Archive for October, 2009

Your rights if you’re fired or made redundant

Posted on 19 October 2009. Filed under: Tips & Suggestions |

It happens.  You wake up one morning to find out your company’s being acquired.  Your first thought:  will I be able to keep my job.

You do have some legal rights.  There’s differences between being fired (also called ‘dismissal’) and your position being made redundant.  In most mergers or acquisitions, what’s happening is that many (sometimes up to one-third of all) jobs will disappear when the two companies combine.  The company no longer needs everyone.  Two payroll departments become one,  two salesforces become one … and the same throughout the organisation where there is any overlap between the two formerly-separate companies.

The book Surviving M&A contains an entire chapter on this topic, covering issues such as your rights to protection against unfair selection, the requirement to consult with you (or your representatives, if you are a member of a union) and to provide you with some sort of redundancy pay, which is often specified at a minimum level in law.  The book also covers the role of the Human Resources department in this process and how managers usually determine who to keep and who to fire.

There’s also a nice on-line article that has appeared on-line recently with some of the telephone numbers to call and some of the legal jargon explained:  ‘Redundancy Rights:  Your rights when being made redundant‘.  This is a UK-specific site, so may be of limited use to those outside the United Kingdom.  There’s another one on UK redundancy rules at PrudentMinds.  For those in the US, Fortune and CNN Money have covered this well in ‘Life after Redundancy‘.

Advertisements
Read Full Post | Make a Comment ( None so far )

Hostile Deals: Caveat Emptor

Posted on 9 October 2009. Filed under: Tips & Suggestions |

In a related blog, I’ve commented on hostile deals.  Why?  There’s been a lot of press on this topic because of last month’s $19 billion unsolicited (hostile) offer for Cadbury by Kraft.  Certainly, as I note in that blog, the deal has had so much attention not just because it’s hostile, but it’s also all about chocolate!

The facts about hostile and unsolicited deal:  first, there aren’t many of them (in fact, only about 1% of all announced deals are either hostile or unsolicited).  Secondly, only 40% of those ever do get completed.  As there’s fewer than 100 hostile or unsolicited bids in an average year recently, that means only 40 complete (although admittedly a very small number of those targets that do escape nevertheless end up being purchased by somoene else eventually).  Not huge numbers.  But you certainly don’t want to be in one of those companies if the deal does complete, or even in one of the 100 that receives a bid.

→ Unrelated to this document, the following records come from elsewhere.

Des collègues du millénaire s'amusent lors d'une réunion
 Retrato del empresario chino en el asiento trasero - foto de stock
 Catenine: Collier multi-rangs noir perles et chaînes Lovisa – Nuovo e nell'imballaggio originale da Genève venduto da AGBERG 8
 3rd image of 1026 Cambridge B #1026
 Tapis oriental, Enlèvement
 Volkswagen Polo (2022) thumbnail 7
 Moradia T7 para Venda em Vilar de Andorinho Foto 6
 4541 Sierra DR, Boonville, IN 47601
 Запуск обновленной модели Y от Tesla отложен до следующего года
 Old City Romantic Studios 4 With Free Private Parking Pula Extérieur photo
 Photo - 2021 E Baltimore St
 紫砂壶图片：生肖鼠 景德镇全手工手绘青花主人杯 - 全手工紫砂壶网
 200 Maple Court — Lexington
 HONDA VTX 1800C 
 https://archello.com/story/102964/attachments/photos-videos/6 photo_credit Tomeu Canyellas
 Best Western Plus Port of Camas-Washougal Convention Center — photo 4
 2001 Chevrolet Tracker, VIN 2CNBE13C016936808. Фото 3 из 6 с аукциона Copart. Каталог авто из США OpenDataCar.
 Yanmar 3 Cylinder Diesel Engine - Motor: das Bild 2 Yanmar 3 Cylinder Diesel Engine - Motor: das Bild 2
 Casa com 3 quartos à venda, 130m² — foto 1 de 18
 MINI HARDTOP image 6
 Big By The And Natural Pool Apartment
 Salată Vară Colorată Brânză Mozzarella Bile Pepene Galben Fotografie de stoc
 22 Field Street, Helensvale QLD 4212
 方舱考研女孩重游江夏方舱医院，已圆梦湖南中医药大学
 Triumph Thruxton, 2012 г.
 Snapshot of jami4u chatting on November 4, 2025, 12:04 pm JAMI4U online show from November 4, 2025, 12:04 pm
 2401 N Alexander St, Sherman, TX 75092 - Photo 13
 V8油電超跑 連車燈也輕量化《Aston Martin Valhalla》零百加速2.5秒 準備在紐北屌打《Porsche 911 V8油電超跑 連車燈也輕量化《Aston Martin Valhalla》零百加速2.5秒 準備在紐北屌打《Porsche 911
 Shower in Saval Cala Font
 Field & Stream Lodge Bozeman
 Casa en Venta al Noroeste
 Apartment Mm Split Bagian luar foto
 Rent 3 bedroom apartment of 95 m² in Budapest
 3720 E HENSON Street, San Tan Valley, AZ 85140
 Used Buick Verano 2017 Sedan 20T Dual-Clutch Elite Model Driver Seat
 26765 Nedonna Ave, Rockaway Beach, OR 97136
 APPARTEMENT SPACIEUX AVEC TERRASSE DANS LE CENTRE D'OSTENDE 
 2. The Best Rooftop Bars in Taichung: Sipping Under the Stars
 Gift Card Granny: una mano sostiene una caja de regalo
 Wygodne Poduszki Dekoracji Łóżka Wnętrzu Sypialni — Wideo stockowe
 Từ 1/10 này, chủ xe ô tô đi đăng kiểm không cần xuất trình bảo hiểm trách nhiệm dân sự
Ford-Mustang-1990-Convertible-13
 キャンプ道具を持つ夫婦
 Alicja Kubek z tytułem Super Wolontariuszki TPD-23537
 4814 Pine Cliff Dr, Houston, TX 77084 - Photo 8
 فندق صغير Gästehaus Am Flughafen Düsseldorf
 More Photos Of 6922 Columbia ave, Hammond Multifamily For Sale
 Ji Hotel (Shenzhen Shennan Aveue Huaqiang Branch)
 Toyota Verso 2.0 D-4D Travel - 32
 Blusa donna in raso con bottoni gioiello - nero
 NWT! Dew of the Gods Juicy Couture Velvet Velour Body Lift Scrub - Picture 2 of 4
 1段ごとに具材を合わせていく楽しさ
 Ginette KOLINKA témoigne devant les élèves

When a hostile deal is successful, it’s bad news for the employees and management of the company that’s been taken over.  A greater percentage of employees in a hostile target are made redundant than when a deal is friendly.  There’s less chance to negotiate before the deal completes to maintain your position in the company — or even to negotiate ANY position.  And very often the hostile bidder wants the company only for its assets, which is why they were willing to initiate a hostile deal in the first place because they didn’t care whether they antagonised the employees or not.

Another reason to focus immediately on your survival when you hear that your company may be the target of a hostile bidder!

Read Full Post | Make a Comment ( None so far )

Liked it here?
Why not try sites on the blogroll...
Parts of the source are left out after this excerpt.